◆ Exercise aim: Look below for the line that contains "Zdjęcie nr 852", then quote it and all the lines after it, exactly, with the pictures left out.

◆ Input data:
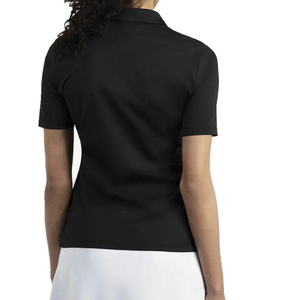 Camiseta Polo de Alta Calidad para Mujer, Informal, Deportiva, para Correr, Tejida, Bordada, de Secado Rápido y Transpirable - Product Image 5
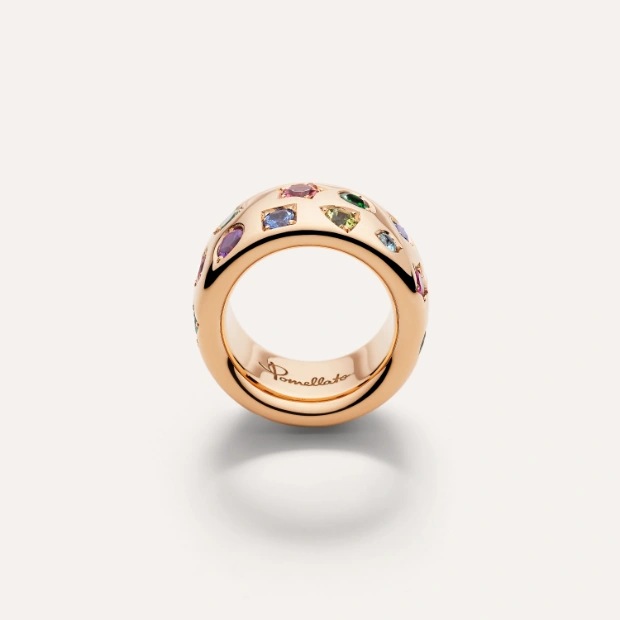 Pomellato Anello Iconica Large Saldi Di Fabbrica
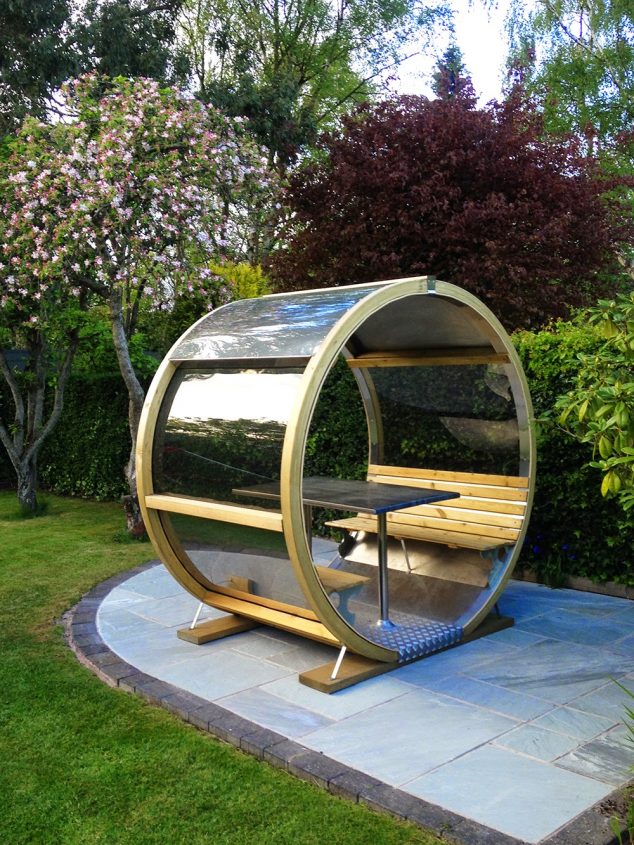 15 Exquisite Ornate Garden Pod With Special Charm westgate2BWB edit 634x845 15 Exquisite Ornate Garden Pod With Special Charm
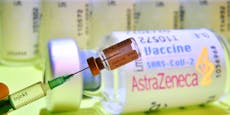 Astra-Impfung schon nach dem ersten Stich hoch wirksam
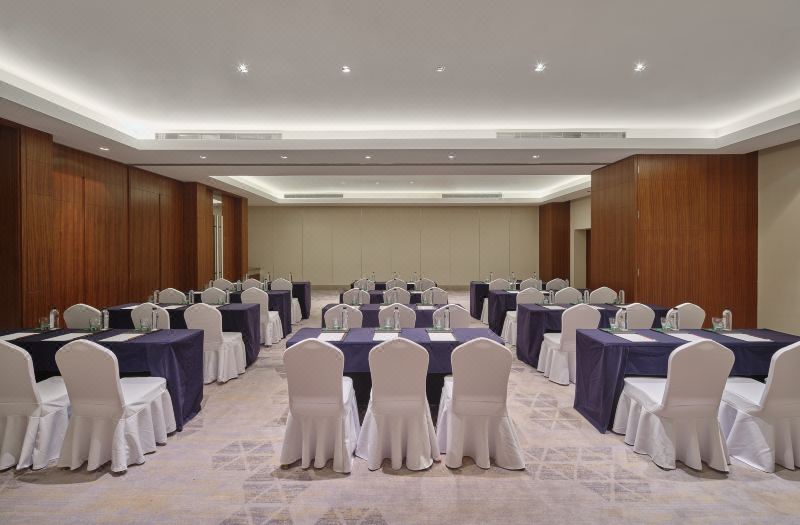 Hilton Harbin Exhibition Center photo 5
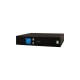 NOBREAK CYBERPOWER PR1000LCDRTXL2U 1000VA/750W 2U 120V 8 CONTACTOS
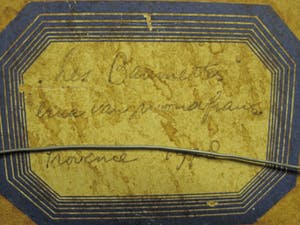 Erna van Mondfrans - Fraai verstild realistisch olieverf "Huis in de Provence Frankrijk" gesigneerd kopen? Bied vanaf 60!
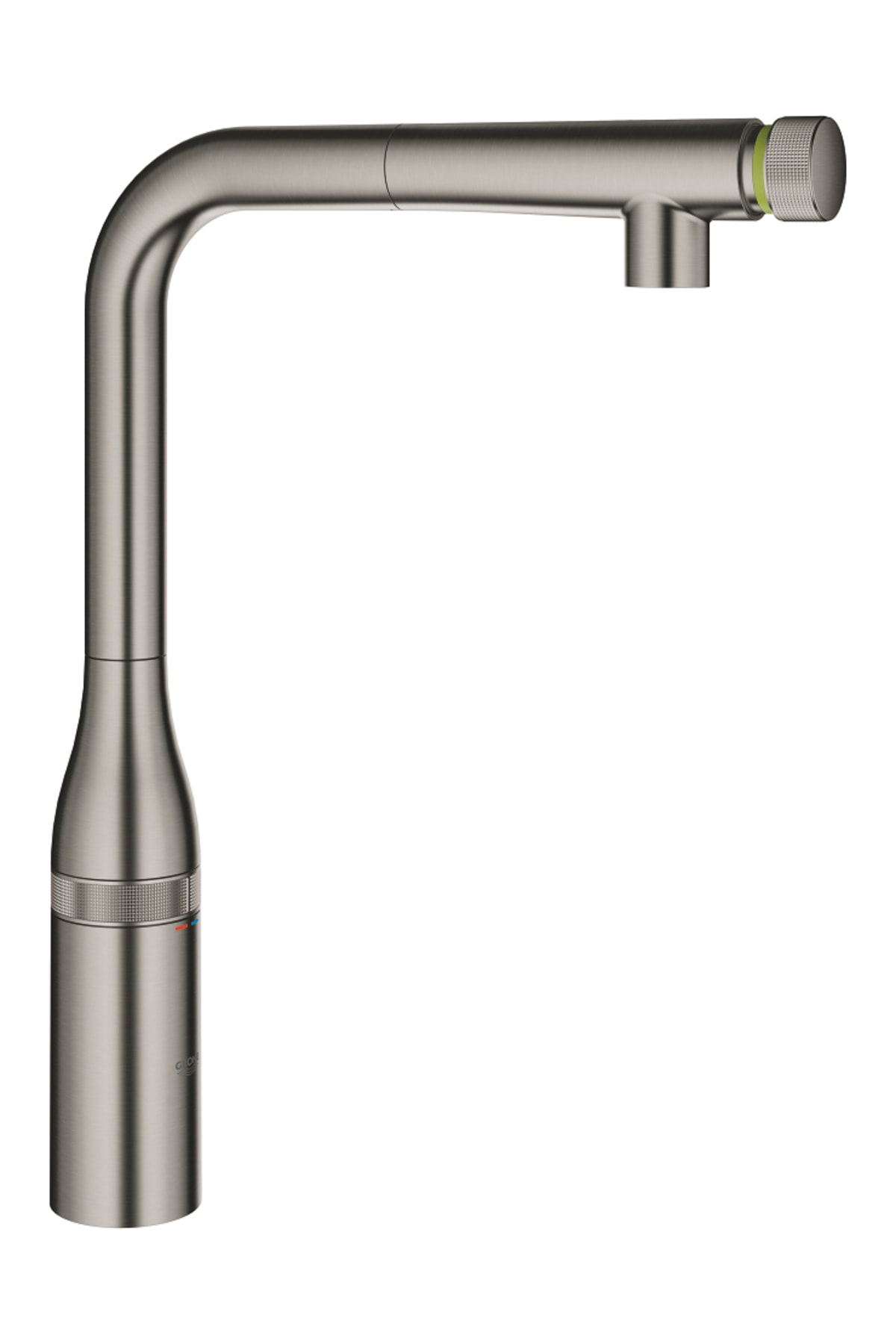 Essence Smartcontrol Eviye Bataryası Spiralli Brushed Hard Graphite - 31615al0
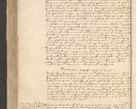 Zdjęcie nr 852 dla obiektu archiwalnego: [Acta actorum vicarialia coram Bernardino Gallo de Jadra]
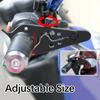 Lock Assist Retainer Universal Cruise Control Motorcycle Throttle Controller Auxiliary Handle Holder Wrist Grip Handle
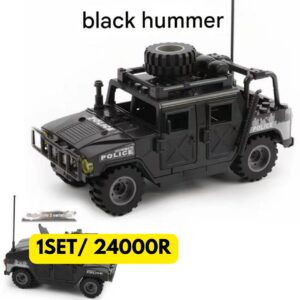 Black Hummer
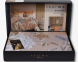 Турецкое постельное белье Issimo Digital Satin 200 х 220 см Botanist 3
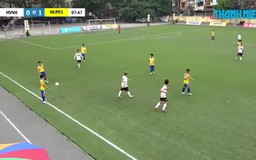 Highlight Học viện Ngân hàng (HVNH) 1-11 Trường ĐH Sư phạm TDTT Hà Nội (HUPES): Cơn mưa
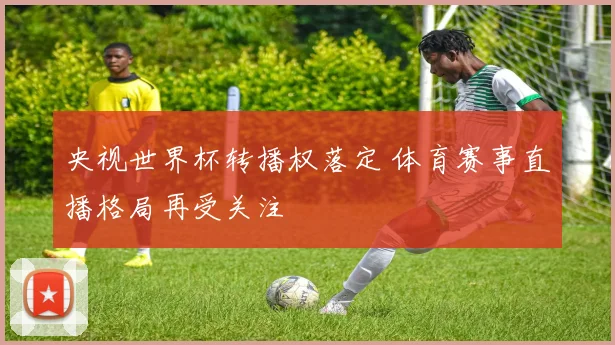 央视世界杯转播权落定 体育赛事直播格局再受关注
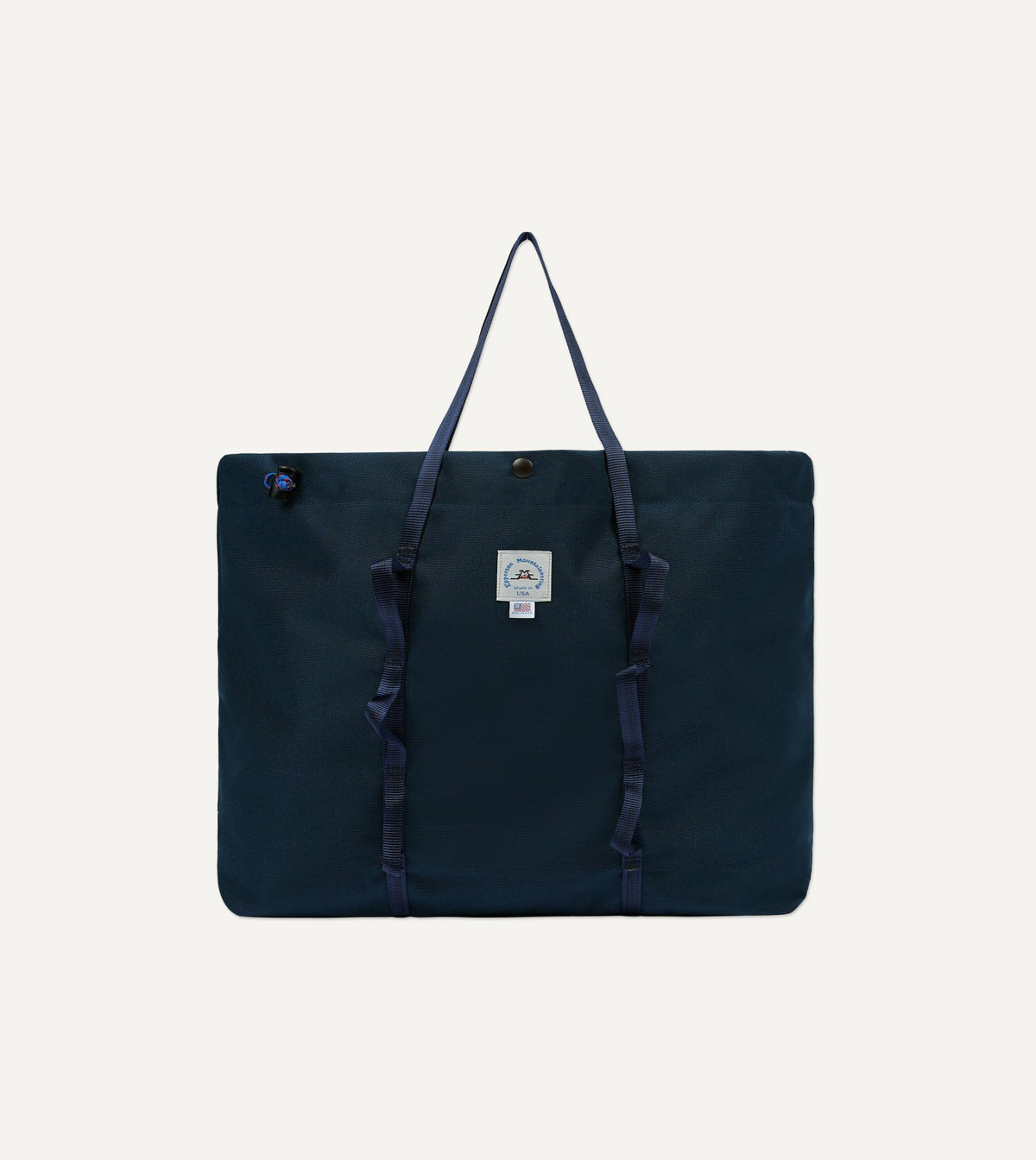 Drake's Epperson Mountaineering Navy Climb Tote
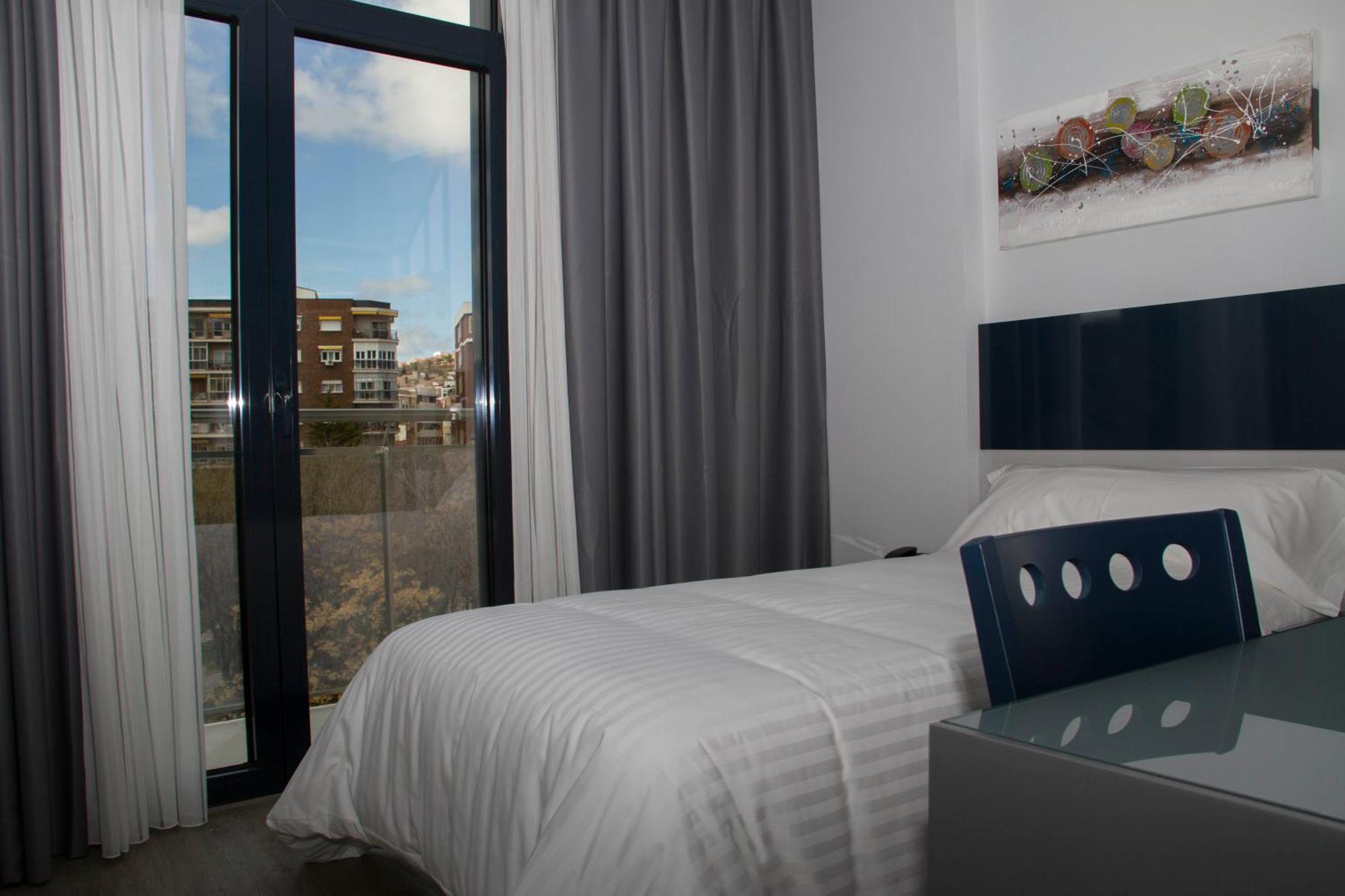 Hotel Santa Eulalia Puertollano Exteriér fotografie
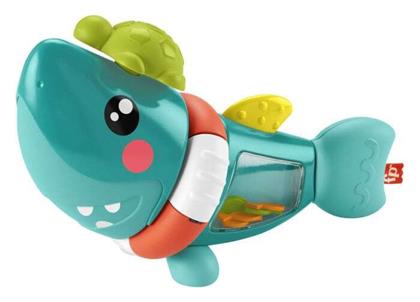 Paradise Pals Καρχαριάκι για 6+ Μηνών Fisher Price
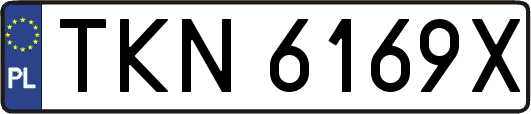 TKN6169X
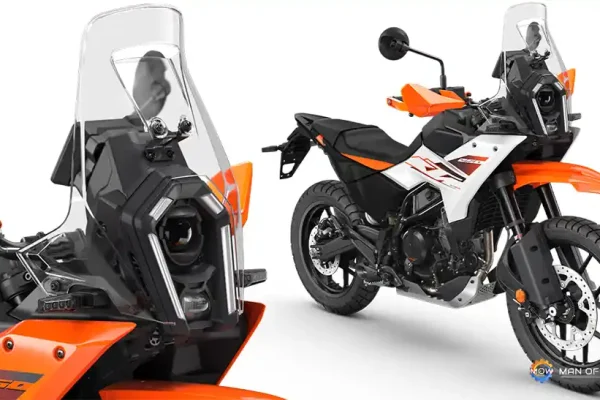 Pembaruan KTM 250 Adventure 2025, Motor Petualang yang Cocok untuk Pemula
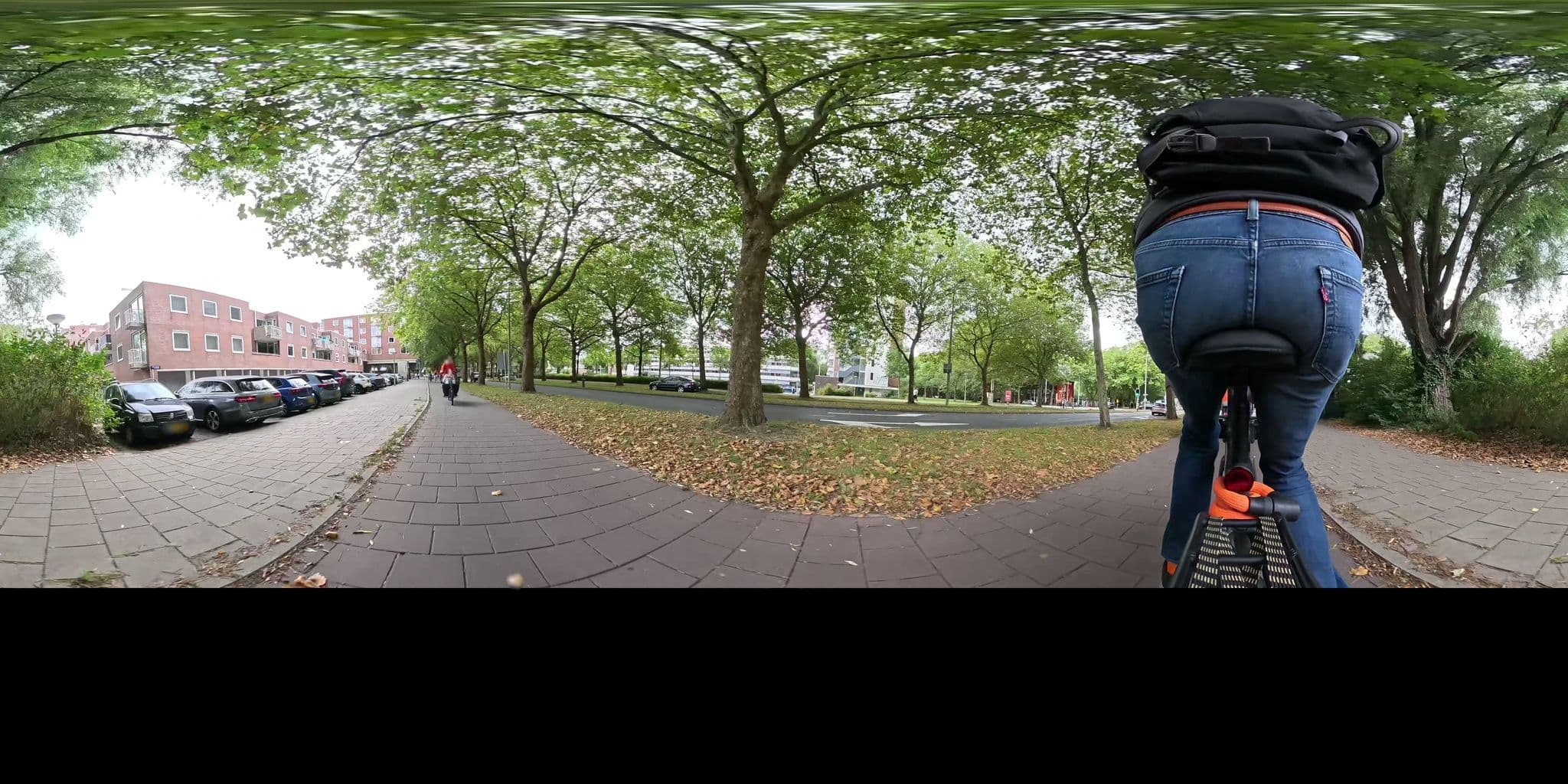 Street view near Christine Classy B&B, Amstelveen — © ottor (CC BY-SA · Mapillary)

◆ Solution for this problem:
 Zdjęcie nr 852 dla obiektu archiwalnego: [Acta actorum vicarialia coram Bernardino Gallo de Jadra]
 Lock Assist Retainer Universal Cruise Control Motorcycle Throttle Controller Auxiliary Handle Holder Wrist Grip Handle
 Black Hummer
 Турецкое постельное белье Issimo Digital Satin 200 х 220 см Botanist 3
 Highlight Học viện Ngân hàng (HVNH) 1-11 Trường ĐH Sư phạm TDTT Hà Nội (HUPES): Cơn mưa
 央视世界杯转播权落定 体育赛事直播格局再受关注
 Drake's Epperson Mountaineering Navy Climb Tote
 Hotel Santa Eulalia Puertollano Exteriér fotografie
 Paradise Pals Καρχαριάκι για 6+ Μηνών Fisher Price
 TKN6169X
 Pembaruan KTM 250 Adventure 2025, Motor Petualang yang Cocok untuk Pemula
 Street view near Christine Classy B&B, Amstelveen — © ottor (CC BY-SA · Mapillary)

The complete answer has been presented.